When turning left, do not start the turn just because an approaching vehicle has its right turn signal on. The driver may plan to turn just beyond you, or the signal may have been left on from an earlier turn. This is particularly true of motorcycles. Their signal lights often do not turn off automatically. Wait until the other driver actually starts to turn before you continue.

Space to Exit

When you plan to exit the freeway, give yourself plenty of time. You should know the name or number of the freeway exit you want, as well as the one that comes before it. To exit safely:

  • Signal, look over your shoulder, and change lanes one at a time until you are in the proper lane to exit the freeway.
  • Signal your intention to exit for approximately 5 seconds before reaching the exit.
  • Be sure you are at the proper speed for leaving the traffic lane–not too fast (so you remain in control) and not too slow (so the flow of traffic can still move freely).


When Approaching to Pass

Before you pass, look ahead for road conditions and traffic that may cause other vehicles to move into your lane. Only pass when safe to do so. You must judge whether you have enough room to pass whenever you approach:

  • An oncoming vehicle.
  • A hill or curve.
  • An intersection.
  • A road obstruction.
  • A bicyclist.

Do not pass:

  • If you are approaching a hill or curve and cannot see if other traffic is approaching.
  • Within 100 feet of an intersection bridge, tunnel, railroad crossing, or areas that could cause concern.

How to pass:

Never drive off the paved or main-traveled portion of the road or on the shoulder to pass. The edge of the main-traveled portion of the road may have a painted white line on the road’s surface. Passing other vehicles at crossroads, railroad crossings, and driveways is dangerous.
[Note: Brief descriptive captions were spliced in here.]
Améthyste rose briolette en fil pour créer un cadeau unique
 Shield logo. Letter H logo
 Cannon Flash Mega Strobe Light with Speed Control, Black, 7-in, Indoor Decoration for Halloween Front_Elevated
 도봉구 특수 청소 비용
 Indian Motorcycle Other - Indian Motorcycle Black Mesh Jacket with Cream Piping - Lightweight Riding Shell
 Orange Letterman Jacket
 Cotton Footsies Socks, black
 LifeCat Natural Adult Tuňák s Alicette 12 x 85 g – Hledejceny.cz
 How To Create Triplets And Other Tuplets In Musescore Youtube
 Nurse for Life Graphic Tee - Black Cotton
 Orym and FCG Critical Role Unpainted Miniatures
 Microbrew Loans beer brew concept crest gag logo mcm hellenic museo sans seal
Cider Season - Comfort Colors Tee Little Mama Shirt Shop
Pass traffic on the left. You may pass on the right only when:

  • An open highway is clearly marked for two or more lanes of travel in your direction.
  • The driver ahead of you is turning left and you do not drive off the roadway to pass. Never pass on the left if the driver is signaling a left turn.
  • On a one-way street.

Always signal before passing. You may also lightly tap your horn, or briefly flash your lights, to let the other driver know you intend to pass. Do not pull out to pass unless you know you have enough space to pull back into your lane.

Avoid passing other vehicles, including motorcycles and bicycles, on two- lane roads. Every time you pass, you increase your chances of having a collision. When you pass a bicyclist, slow down and pass the bicyclist only when safe, allowing for a minimum of 3 feet between your vehicle and the bicyclist where possible. Do not squeeze the bicyclist off the road.

Returning to a Lane After Passing

Before you return to your driving lane, be sure you are not dangerously close to the vehicle you have just passed. One way to do this is to look for the vehicle in your inside rearview mirror. When you can see both headlights in your rearview mirror, you may have enough room to return to your driving lane. Do not count on having enough time to pass several vehicles at once or that other drivers will make room for you.

Being Passed

If a vehicle is passing you, or has signaled intent to pass, you should avoid accelerating and maintain your lane position to allow the vehicle to pass you. Do not accelerate or try to go faster to avoid being passed.